Task description:
Set down the material in full. Keep every line exactly as it is.

=== Begin Enclosure ===

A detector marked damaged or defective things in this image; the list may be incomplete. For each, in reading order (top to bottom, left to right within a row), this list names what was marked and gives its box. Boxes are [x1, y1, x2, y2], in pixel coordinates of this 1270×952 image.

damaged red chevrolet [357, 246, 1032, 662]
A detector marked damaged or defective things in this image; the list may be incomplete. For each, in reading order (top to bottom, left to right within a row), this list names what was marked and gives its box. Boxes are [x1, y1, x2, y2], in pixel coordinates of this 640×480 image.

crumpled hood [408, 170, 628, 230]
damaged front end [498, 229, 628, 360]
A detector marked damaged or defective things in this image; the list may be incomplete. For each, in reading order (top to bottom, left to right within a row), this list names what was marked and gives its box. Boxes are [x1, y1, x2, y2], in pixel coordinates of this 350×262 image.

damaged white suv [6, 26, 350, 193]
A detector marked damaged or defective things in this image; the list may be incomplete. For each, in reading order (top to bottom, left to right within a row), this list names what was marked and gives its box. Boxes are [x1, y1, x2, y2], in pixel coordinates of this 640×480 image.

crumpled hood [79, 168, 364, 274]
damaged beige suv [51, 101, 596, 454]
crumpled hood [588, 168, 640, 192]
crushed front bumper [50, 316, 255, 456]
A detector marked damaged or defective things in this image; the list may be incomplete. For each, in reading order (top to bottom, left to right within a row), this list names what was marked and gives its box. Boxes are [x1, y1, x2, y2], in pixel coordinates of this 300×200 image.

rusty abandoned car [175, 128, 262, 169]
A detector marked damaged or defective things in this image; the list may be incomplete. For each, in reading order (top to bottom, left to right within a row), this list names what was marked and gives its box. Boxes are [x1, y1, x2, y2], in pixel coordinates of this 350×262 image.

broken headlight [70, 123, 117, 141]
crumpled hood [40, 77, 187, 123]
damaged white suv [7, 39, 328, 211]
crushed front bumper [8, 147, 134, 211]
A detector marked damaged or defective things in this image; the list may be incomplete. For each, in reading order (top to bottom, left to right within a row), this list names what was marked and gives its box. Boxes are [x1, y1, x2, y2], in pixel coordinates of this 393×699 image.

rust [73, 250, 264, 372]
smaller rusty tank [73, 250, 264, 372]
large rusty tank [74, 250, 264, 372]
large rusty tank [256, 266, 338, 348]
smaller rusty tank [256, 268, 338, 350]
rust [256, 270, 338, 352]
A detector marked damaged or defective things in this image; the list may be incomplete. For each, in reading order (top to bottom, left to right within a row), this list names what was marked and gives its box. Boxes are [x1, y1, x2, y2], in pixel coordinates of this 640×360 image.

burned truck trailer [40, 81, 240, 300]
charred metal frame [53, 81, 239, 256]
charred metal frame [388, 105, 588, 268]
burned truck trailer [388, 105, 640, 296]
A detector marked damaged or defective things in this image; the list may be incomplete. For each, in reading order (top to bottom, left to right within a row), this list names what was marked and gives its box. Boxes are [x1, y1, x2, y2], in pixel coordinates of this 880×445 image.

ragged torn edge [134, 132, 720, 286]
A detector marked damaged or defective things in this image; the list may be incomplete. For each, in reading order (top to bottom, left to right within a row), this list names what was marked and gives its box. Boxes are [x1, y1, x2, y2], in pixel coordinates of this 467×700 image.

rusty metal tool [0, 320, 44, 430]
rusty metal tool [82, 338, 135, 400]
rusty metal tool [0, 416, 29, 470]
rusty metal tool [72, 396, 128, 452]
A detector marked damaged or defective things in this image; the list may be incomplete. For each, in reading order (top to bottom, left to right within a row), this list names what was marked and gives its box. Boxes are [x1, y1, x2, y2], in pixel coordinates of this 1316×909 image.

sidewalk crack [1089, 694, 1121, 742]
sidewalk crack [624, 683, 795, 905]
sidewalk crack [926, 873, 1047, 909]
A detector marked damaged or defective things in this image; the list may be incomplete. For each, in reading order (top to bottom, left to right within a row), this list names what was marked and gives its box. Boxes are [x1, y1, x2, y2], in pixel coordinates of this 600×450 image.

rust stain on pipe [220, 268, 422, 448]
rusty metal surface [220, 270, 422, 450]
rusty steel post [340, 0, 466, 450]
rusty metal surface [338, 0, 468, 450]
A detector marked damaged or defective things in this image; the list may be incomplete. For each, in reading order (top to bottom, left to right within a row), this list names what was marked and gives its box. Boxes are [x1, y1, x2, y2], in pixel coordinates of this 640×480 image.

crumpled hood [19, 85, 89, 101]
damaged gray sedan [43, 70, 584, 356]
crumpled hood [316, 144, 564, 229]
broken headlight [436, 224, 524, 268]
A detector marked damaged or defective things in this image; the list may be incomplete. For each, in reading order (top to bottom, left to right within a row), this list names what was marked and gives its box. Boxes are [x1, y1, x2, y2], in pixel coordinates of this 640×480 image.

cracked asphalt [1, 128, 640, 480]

=== End Enclosure ===

Solution for this problem:
A detector marked damaged or defective things in this image; the list may be incomplete. For each, in reading order (top to bottom, left to right within a row), this list names what was marked and gives its box. Boxes are [x1, y1, x2, y2], in pixel coordinates of this 1270×952 image.

damaged red chevrolet [357, 246, 1032, 662]
A detector marked damaged or defective things in this image; the list may be incomplete. For each, in reading order (top to bottom, left to right within a row), this list names what was marked and gives its box. Boxes are [x1, y1, x2, y2], in pixel coordinates of this 640×480 image.

crumpled hood [408, 170, 628, 230]
damaged front end [498, 229, 628, 360]
A detector marked damaged or defective things in this image; the list may be incomplete. For each, in reading order (top to bottom, left to right within a row), this list names what was marked and gives its box. Boxes are [x1, y1, x2, y2], in pixel coordinates of this 350×262 image.

damaged white suv [6, 26, 350, 193]
A detector marked damaged or defective things in this image; the list may be incomplete. For each, in reading order (top to bottom, left to right within a row), this list names what was marked and gives its box. Boxes are [x1, y1, x2, y2], in pixel coordinates of this 640×480 image.

crumpled hood [79, 168, 364, 274]
damaged beige suv [51, 101, 596, 454]
crumpled hood [588, 168, 640, 192]
crushed front bumper [50, 316, 255, 456]
A detector marked damaged or defective things in this image; the list may be incomplete. For each, in reading order (top to bottom, left to right within a row), this list names what was marked and gives its box. Boxes are [x1, y1, x2, y2], in pixel coordinates of this 300×200 image.

rusty abandoned car [175, 128, 262, 169]
A detector marked damaged or defective things in this image; the list may be incomplete. For each, in reading order (top to bottom, left to right within a row), this list names what was marked and gives its box. Boxes are [x1, y1, x2, y2], in pixel coordinates of this 350×262 image.

broken headlight [70, 123, 117, 141]
crumpled hood [40, 77, 187, 123]
damaged white suv [7, 39, 328, 211]
crushed front bumper [8, 147, 134, 211]
A detector marked damaged or defective things in this image; the list may be incomplete. For each, in reading order (top to bottom, left to right within a row), this list names what was marked and gives its box. Boxes are [x1, y1, x2, y2], in pixel coordinates of this 393×699 image.

rust [73, 250, 264, 372]
smaller rusty tank [73, 250, 264, 372]
large rusty tank [74, 250, 264, 372]
large rusty tank [256, 266, 338, 348]
smaller rusty tank [256, 268, 338, 350]
rust [256, 270, 338, 352]
A detector marked damaged or defective things in this image; the list may be incomplete. For each, in reading order (top to bottom, left to right within a row), this list names what was marked and gives its box. Boxes are [x1, y1, x2, y2], in pixel coordinates of this 640×360 image.

burned truck trailer [40, 81, 240, 300]
charred metal frame [53, 81, 239, 256]
charred metal frame [388, 105, 588, 268]
burned truck trailer [388, 105, 640, 296]
A detector marked damaged or defective things in this image; the list may be incomplete. For each, in reading order (top to bottom, left to right within a row), this list names what was marked and gives its box. Boxes are [x1, y1, x2, y2], in pixel coordinates of this 880×445 image.

ragged torn edge [134, 132, 720, 286]
A detector marked damaged or defective things in this image; the list may be incomplete. For each, in reading order (top to bottom, left to right within a row), this list names what was marked and gives its box. Boxes are [x1, y1, x2, y2], in pixel coordinates of this 467×700 image.

rusty metal tool [0, 320, 44, 430]
rusty metal tool [82, 338, 135, 400]
rusty metal tool [0, 416, 29, 470]
rusty metal tool [72, 396, 128, 452]
A detector marked damaged or defective things in this image; the list may be incomplete. For each, in reading order (top to bottom, left to right within a row), this list names what was marked and gives its box. Boxes are [x1, y1, x2, y2], in pixel coordinates of this 1316×909 image.

sidewalk crack [1089, 694, 1121, 742]
sidewalk crack [624, 683, 795, 905]
sidewalk crack [926, 873, 1047, 909]
A detector marked damaged or defective things in this image; the list may be incomplete. For each, in reading order (top to bottom, left to right within a row), this list names what was marked and gives its box. Boxes are [x1, y1, x2, y2], in pixel coordinates of this 600×450 image.

rust stain on pipe [220, 268, 422, 448]
rusty metal surface [220, 270, 422, 450]
rusty steel post [340, 0, 466, 450]
rusty metal surface [338, 0, 468, 450]
A detector marked damaged or defective things in this image; the list may be incomplete. For each, in reading order (top to bottom, left to right within a row), this list names what was marked and gives its box. Boxes are [x1, y1, x2, y2], in pixel coordinates of this 640×480 image.

crumpled hood [19, 85, 89, 101]
damaged gray sedan [43, 70, 584, 356]
crumpled hood [316, 144, 564, 229]
broken headlight [436, 224, 524, 268]
A detector marked damaged or defective things in this image; the list may be incomplete. For each, in reading order (top to bottom, left to right within a row), this list names what was marked and gives its box. Boxes are [x1, y1, x2, y2], in pixel coordinates of this 640×480 image.

cracked asphalt [1, 128, 640, 480]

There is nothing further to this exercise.